Practice for the Week: The Second Noble Truth

Hello Everyone,

I apologize for the double email today. Guess my fingers were typing too fast. So hopefully I can slowwwwww dowwwwwn and breathe.

"There are two kinds of suffering.The suffering that leads to more suffering and the suffering that leads to the end of suffering. If you are not willing to face the second kind of suffering, you will surely continue to experience the first." Ajahn Chah, A Still Forest Pool

With regards to our practice, the 'suffering that leads to the end of suffering' is in the effort that we put in getting to know our suffering in our lives better, with more scrutiny, a willingness to be curious and ardent investigation. Hopefully we can all be courageous and step up to the challenge because the rewards are so wonderfully liberating and lightening of our daily load of stress that we seem compelled to carry without questioning it very much.

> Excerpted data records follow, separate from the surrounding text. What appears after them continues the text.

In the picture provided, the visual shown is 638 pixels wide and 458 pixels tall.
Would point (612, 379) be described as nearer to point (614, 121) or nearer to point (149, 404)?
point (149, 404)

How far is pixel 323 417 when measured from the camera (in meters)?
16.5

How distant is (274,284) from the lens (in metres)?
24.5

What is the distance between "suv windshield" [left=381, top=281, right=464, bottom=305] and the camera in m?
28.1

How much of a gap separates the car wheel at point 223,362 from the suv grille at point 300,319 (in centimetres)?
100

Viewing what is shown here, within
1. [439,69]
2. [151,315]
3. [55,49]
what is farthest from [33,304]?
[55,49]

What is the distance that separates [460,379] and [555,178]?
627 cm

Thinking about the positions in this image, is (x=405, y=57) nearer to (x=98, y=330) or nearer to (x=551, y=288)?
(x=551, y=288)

So this week, after noticing that which can potentially lead to our suffering over, we can examine more closely what takes us there. How is it that we jump so quickly to craving and carry out that which satisfies our desires that may lead to on to more suffering for us? This is what the Buddha asks us to do in the Second Noble Truth in identifying the origin of dukkha as tanha or craving.

One quick lab experiment we can try. When we are experiencing the classic midafternoon slump at work, and our mind says, "hey! why don't I take a latte break!" Notice how this thought manifests in the body. Is it excitement? Is there a quick shuffling of the feet leading out towards the door? What is happening in the mouth? Is the tongue salivating with the anticipation of the taste of the latte? Pleasurable thoughts looking forward to the ritual of standing in the coffee line? Paying for it, getting it, then stirring in one's favorite additives, be it honey, raw sugar or (ughs) white processed sugar. We never take the time to actually slow down the film take and watch the various steps that get us from the thought of desire to actually indulging the desire. This is important to watch! It will help us with the bigger potentially wrong decisions we could make for ourselves and/or others in the future.